*** INFORMATION SHOWN
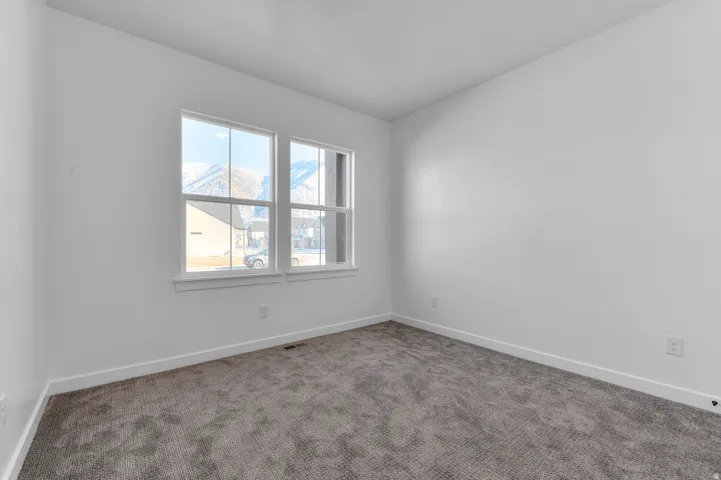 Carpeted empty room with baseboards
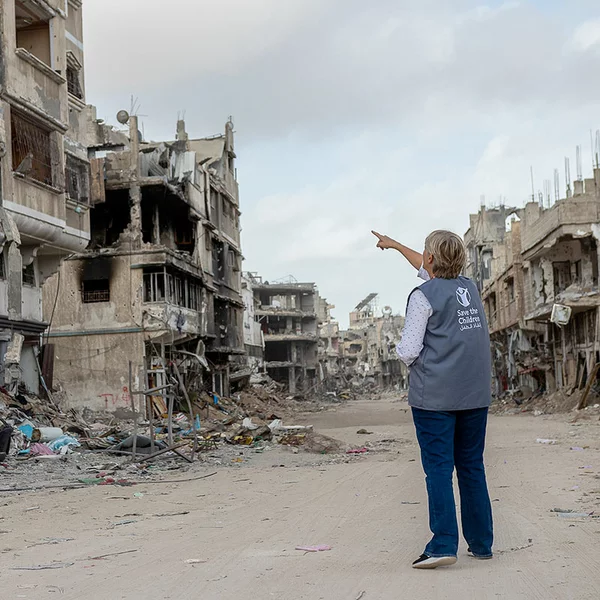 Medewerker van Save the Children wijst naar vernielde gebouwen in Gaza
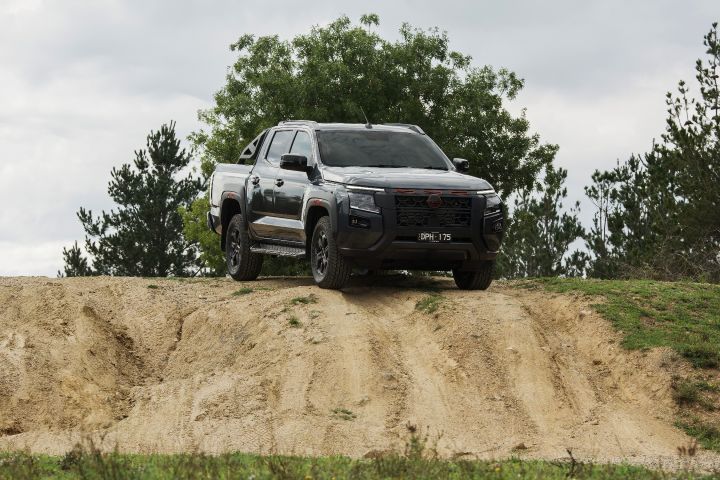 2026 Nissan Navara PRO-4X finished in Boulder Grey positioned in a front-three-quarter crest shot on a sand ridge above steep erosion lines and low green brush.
******
*** INFORMATION SHOWN
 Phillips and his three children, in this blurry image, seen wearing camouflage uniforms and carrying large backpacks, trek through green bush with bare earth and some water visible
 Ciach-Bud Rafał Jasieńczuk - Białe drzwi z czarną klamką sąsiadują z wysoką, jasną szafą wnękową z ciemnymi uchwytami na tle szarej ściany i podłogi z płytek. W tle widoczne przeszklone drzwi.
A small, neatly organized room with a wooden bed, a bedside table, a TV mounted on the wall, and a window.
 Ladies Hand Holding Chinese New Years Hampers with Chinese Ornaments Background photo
******
*** INFORMATION SHOWN
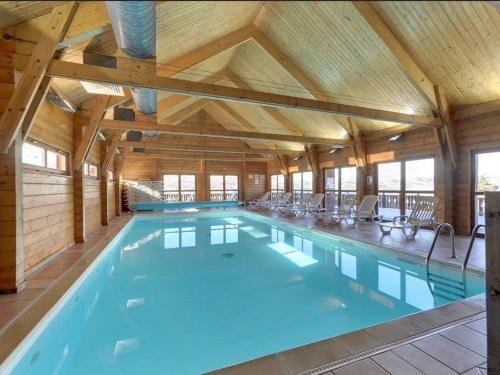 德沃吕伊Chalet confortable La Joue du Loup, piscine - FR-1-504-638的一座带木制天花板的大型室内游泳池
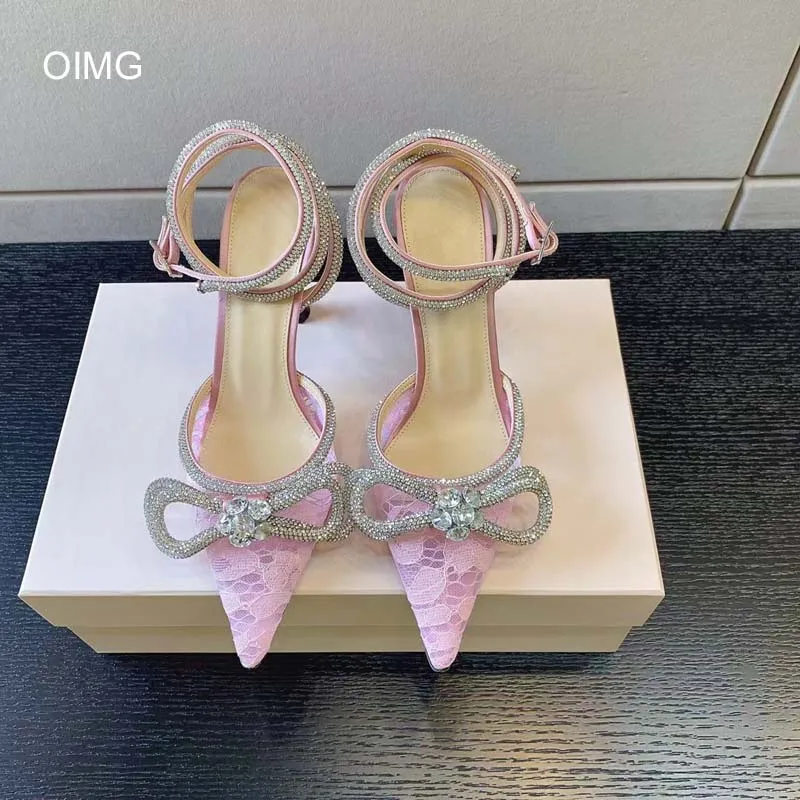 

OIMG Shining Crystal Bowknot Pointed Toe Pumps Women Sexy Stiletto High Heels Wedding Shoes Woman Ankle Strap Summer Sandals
******
■ **PROBLEM TO WORK ON**: Would you quote everything above from the line containing "Phillips and his" down to the line containing "Ladies Hand Holding"? Include both of those lines and nothing else.

■ **EXERCISE ANSWER**:
 Phillips and his three children, in this blurry image, seen wearing camouflage uniforms and carrying large backpacks, trek through green bush with bare earth and some water visible
 Ciach-Bud Rafał Jasieńczuk - Białe drzwi z czarną klamką sąsiadują z wysoką, jasną szafą wnękową z ciemnymi uchwytami na tle szarej ściany i podłogi z płytek. W tle widoczne przeszklone drzwi.
A small, neatly organized room with a wooden bed, a bedside table, a TV mounted on the wall, and a window.
 Ladies Hand Holding Chinese New Years Hampers with Chinese Ornaments Background photo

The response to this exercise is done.